▶ WORK INSTRUCTION: In the listing below, find the line that contains "map of restaurants, bars, coffee" and the line that contains "Mothers Day is". Quote both and every line between them, exactly, and nothing more.
Segment Start: EXTRACTED INFORMATION
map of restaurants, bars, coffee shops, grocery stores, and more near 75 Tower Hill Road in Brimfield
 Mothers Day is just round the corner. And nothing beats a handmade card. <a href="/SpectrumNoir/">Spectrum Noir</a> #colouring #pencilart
Segment End: EXTRACTED INFORMATION
Segment Start: EXTRACTED INFORMATION
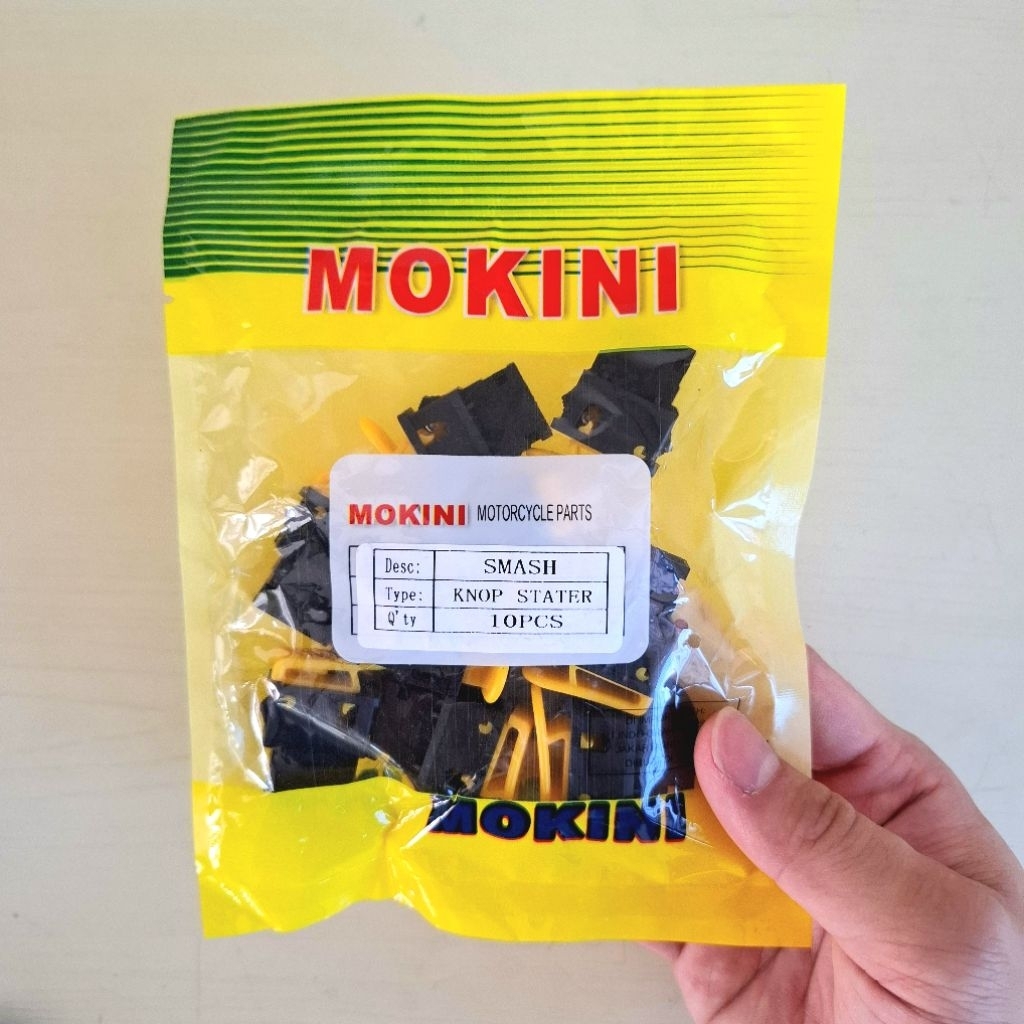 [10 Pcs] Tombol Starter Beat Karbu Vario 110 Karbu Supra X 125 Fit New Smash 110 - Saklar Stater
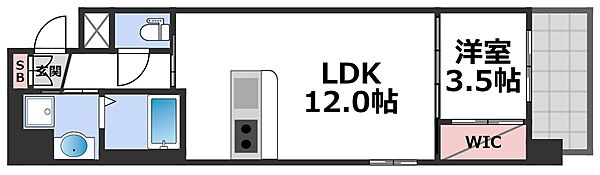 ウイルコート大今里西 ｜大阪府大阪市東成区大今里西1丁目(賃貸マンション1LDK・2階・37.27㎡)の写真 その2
Segment End: EXTRACTED INFORMATION
Segment Start: EXTRACTED INFORMATION
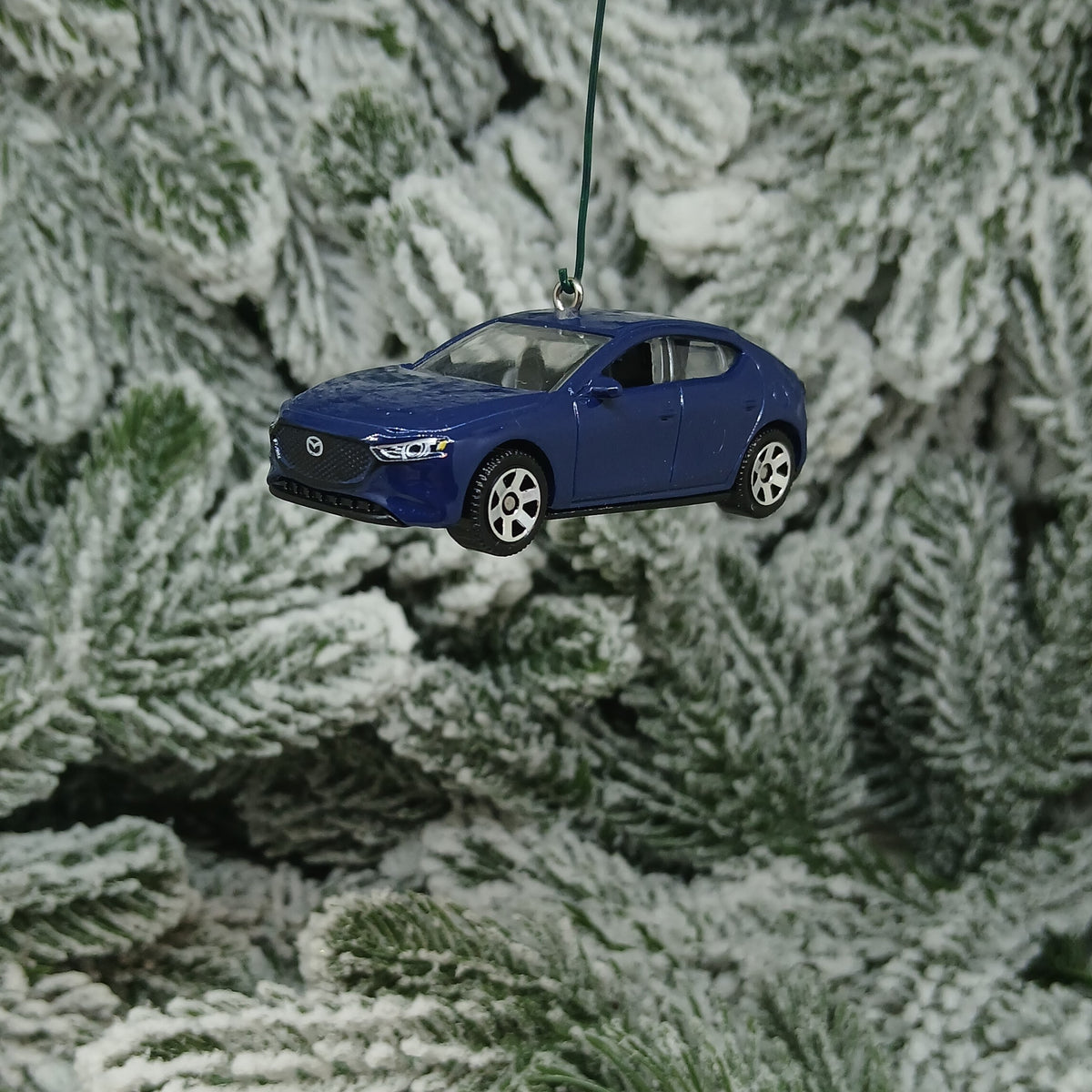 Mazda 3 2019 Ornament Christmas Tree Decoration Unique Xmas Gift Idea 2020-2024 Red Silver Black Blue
Segment End: EXTRACTED INFORMATION
▶ RESULT OF THE TASK:
map of restaurants, bars, coffee shops, grocery stores, and more near 75 Tower Hill Road in Brimfield
 Mothers Day is just round the corner. And nothing beats a handmade card. <a href="/SpectrumNoir/">Spectrum Noir</a> #colouring #pencilart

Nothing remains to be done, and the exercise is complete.